My solution, NestedCStruct, simply acts like a typed double pointer to a C struct. It does not "own" the underlying memory, though it can be used with finalizers to automatically manage memory that is dynamically allocated by libav. Reading fields from the C struct, and modifying them, is automatically accomplished using Julia's reflection capabilities, and is also done so in a way that (I believe) is memory-safe and protects the memory from being prematurely garabge collected. This means that functions in VideoIO do not need to invoke unsafe functions (unsafe_store!, unsafe_convert, etc) to manipulate the C struct. Interaction with C functions are relatively painless due to unsafe_convert functions that will provide double or single pointers to the wrapped C struct as required by the C function's type signature. Importantly, because the memory is internally represented as a pointer, and not a Julia struct, this design no longer relies on Julia behavior that works for now but is not actually supported.

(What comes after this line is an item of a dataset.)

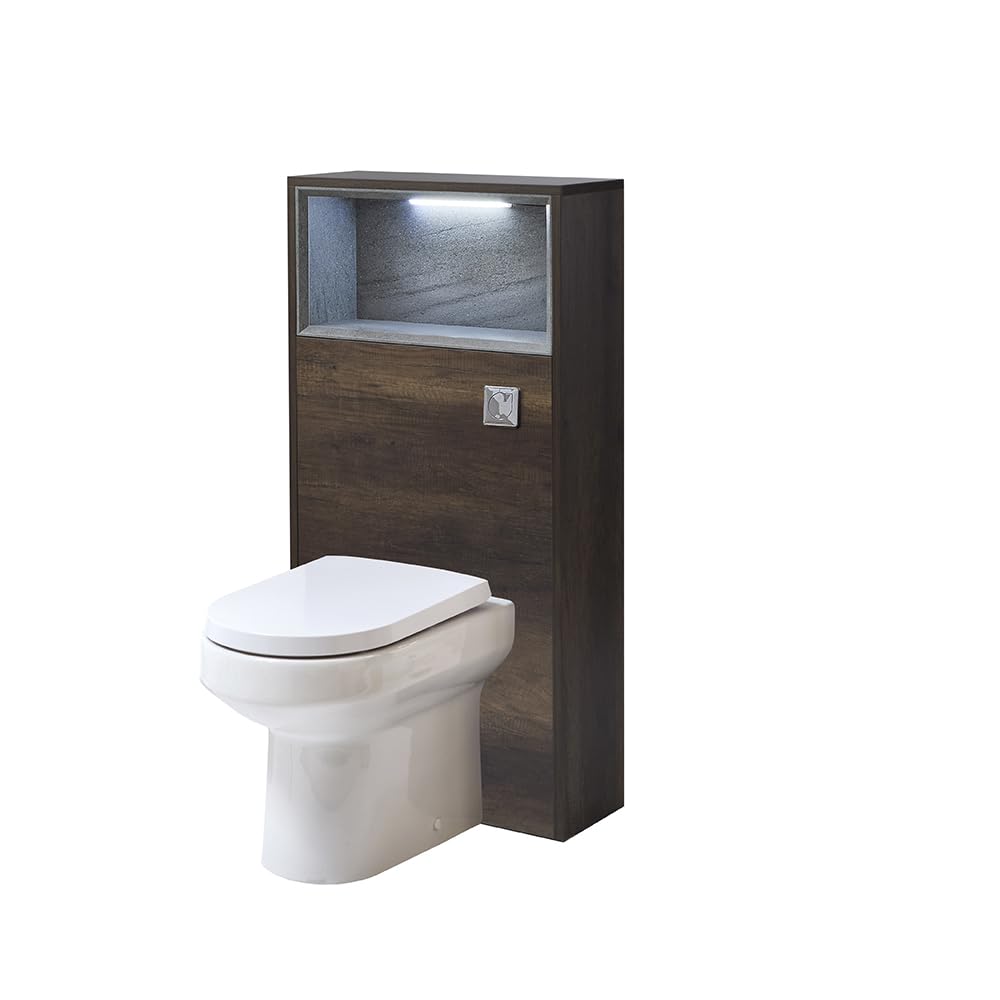 Milano Dark Oak Unit / Chrome Flush 600Mm Dark Oak Wc Unit Led Lit Shelf Toilet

This type, and the functions that go along with it, is likely a subset of Blobs.jl. Whether VideoIO wants to maintain its own code to access nested C structs, or instead wants to add a dependency, is a good question for discussion. Since I was able to make this solution work, and IMO be very ergonomic to work with, in ~82 LOC (with lots of spacing) I think it might not be worth it to add a new dependency.

I have additionally added a macro, @avptr, which makes it easy to assign an alias to a NestedCStruct that wraps a particular C struct, and additionally make constructors that call allocating c functions, and attach finalizers to the resulting object that call the appropriate destructor. This allows types in VideoIO to have fields of types that have similar names to the struct name in libav, for example AVFramePtr which is just an alias for NestedCStruct{AVFrame}. It also reduces the amount of boiler plate required to use libav's functions to allocate the C struct, and to free it when Julia no longer uses it.

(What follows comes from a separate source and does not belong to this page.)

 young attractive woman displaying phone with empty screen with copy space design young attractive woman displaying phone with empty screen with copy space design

The consequence of this new type is eliminating a lot of boiler plate across VideoIO necessary to interact with C structs, eliminating redundant fields in many of VideoIO's types, and eliminating some types all together (e.g. StreamInfo). Additionally, accessing C structs through multiple layers of nesting in Julia looks much more like accessing these structs in C, except that the -> operator is replaced by a . in Julia code. In contrast, doing the same in the existing code base would require (and often did) using unsafe_load at each layer of nesting, and would further require the use of GC.@preserve at multiple stages to avoid memory bugs (although that was absent in the code).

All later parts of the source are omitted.